I found an article that caught my eye recently. Someone had tried to simulate a large federated load of data by creating a million tables in a MySQL system. This was to show that MySQL 8.0 had vastly improved over MySQL 5.7. Why those versions, I'm not sure, but I thought that this was an interesting test.The article found that randomly inserting data into these tables in 5.7 lowered the transaction rate dramatically. MySQL 8.0 has some issues as well, but fewer, mostly because of file opens. A table is a file in MySQL.
While I'm not worried about benchmarking different versions of SQL Server at scale, I thought it might be fun to try creating a million tables. This isn't a serious comparison, but rather just an experiment to see what happens in a SQL Server lab.
Mapping the Process
MySQL works a bit differently than SQL Server. A database in MySQL is really a schema, and thus corresponds to a schema object in SQL Server. This means that 10,00 databases with 100 tables per in MySQL is really 10,000 schemas with 100 tables. The maximum capacity specifications for SQL Server note that I can have 2 billion (2,147,483,647) tables per database, though no mention on schemas, so let's ignore that for now.

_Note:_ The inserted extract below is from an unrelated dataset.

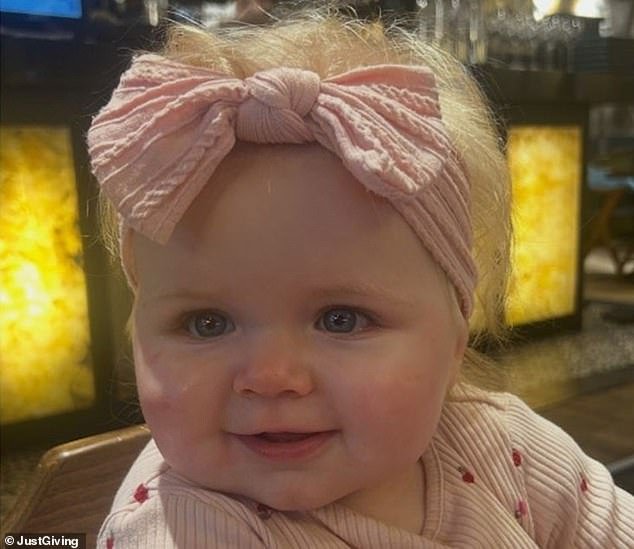 Una niña está luchando por su vida a causa de la meningitis después de que el brote en Kent fuera declarado “incidente nacional” y el número de infecciones aumentara a 15.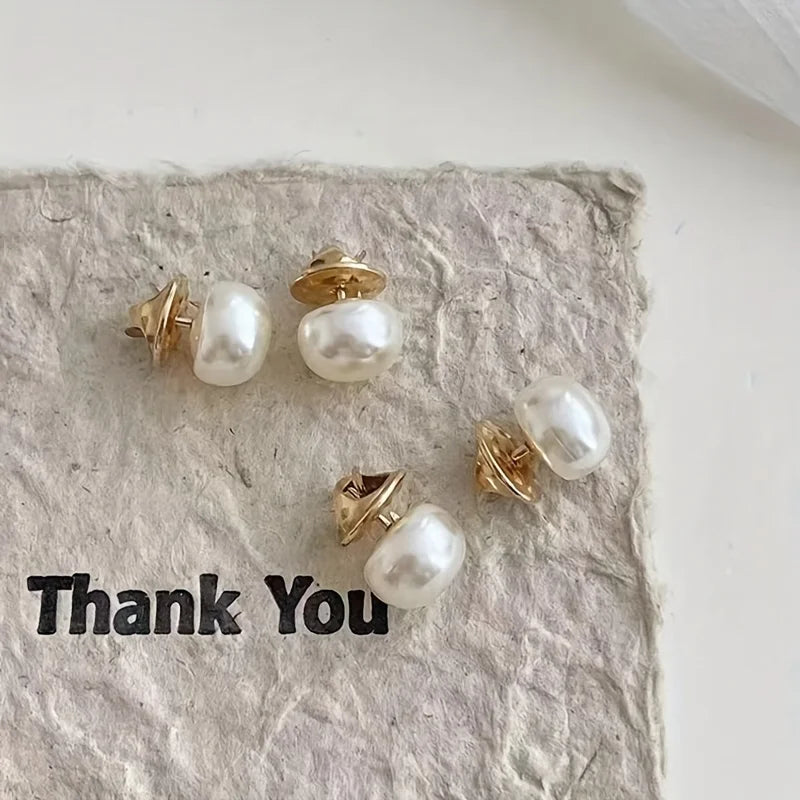 10pcs Pearl Butterfly No-Sew Anti-Glare Button Clips for Women Decorative Button Clips Babs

We'll create one million tables in a database.
I do want a small benchmark, so I'll do this with a thousand tables, and then with a million.
First, the databases. We don't want defaults here. Let's go with something a little larger
CREATE DATABASE OneThousand ON PRIMARY ( NAME = N'OneThousand' , FILENAME = N'e:\SQLServer\MSSQL12.SQL2014\MSSQL\DATA\OneThousand.mdf' , SIZE = 10240000KB , FILEGROWTH = 1024KB ) LOG ON ( NAME = N'OneOneThousand_log' , FILENAME = N'e:\SQLServer\MSSQL12.SQL2014\MSSQL\DATA\OneThousand_log.ldf' , SIZE = 102400KB , FILEGROWTH = 10% ); GO CREATE DATABASE OneMillion ON PRIMARY ( NAME = N'OneMillion' , FILENAME = N'e:\SQLServer\MSSQL12.SQL2014\MSSQL\DATA\OneMillion.mdf' , SIZE = 10240000KB , FILEGROWTH = 1024KB ) LOG ON ( NAME = N'CREATE DATABASE OneMillion_log' , FILENAME = N'e:\SQLServer\MSSQL12.SQL2014\MSSQL\DATA\OneMillion_log.ldf' , SIZE = 102400KB , FILEGROWTH = 10% ); GO
Now we have a database, let's create the tables. I'll keep this simple, and create a set of tables with a name pattern. Since we're not looking to work on performance, let's just create a table with a single column, but obviously separate names. I'll use my standby, MyTable, as the basis for the names. With a tally table, this becomes a simple exercise. I'll use a loop, since I need to execute some dynamic SQL to create the tables. I'll let my loop run until the tables are created.
USE OneThousand GO DECLARE @n INT = 1; DECLARE @cmd VARCHAR(1000); WHILE @n < 1001 BEGIN SET @cmd = &39;create table MyTable&39; + CAST(@n AS VARCHAR(10)) + &39; ( myid int, mychar varchar(2000))&39; EXEC(@cmd) SELECT @n = @n + 1 END GO USE OneMillion GO DECLARE @n INT = 1; DECLARE @cmd VARCHAR(1000); WHILE @n < 1000001 BEGIN SET @cmd = &39;create table MyTable&39; + CAST(@n AS VARCHAR(10)) + &39; ( myid int, mychar varchar(2000))&39; EXEC(@cmd) SELECT @n = @n + 1 END GO
I ran this in two batches on my desktop, with these specs:
- Intel i7-6700k @ 4GHz
- 32GB RAM
- Samsung 850 EVO for data storage
There were definitely other programs running on my system (VMWare, Slack, Outlook, etc.), so this isn't exactly a performance test. To run this script required a couple seconds for the first thousand tables. Once it was done, SSMS looked interesting.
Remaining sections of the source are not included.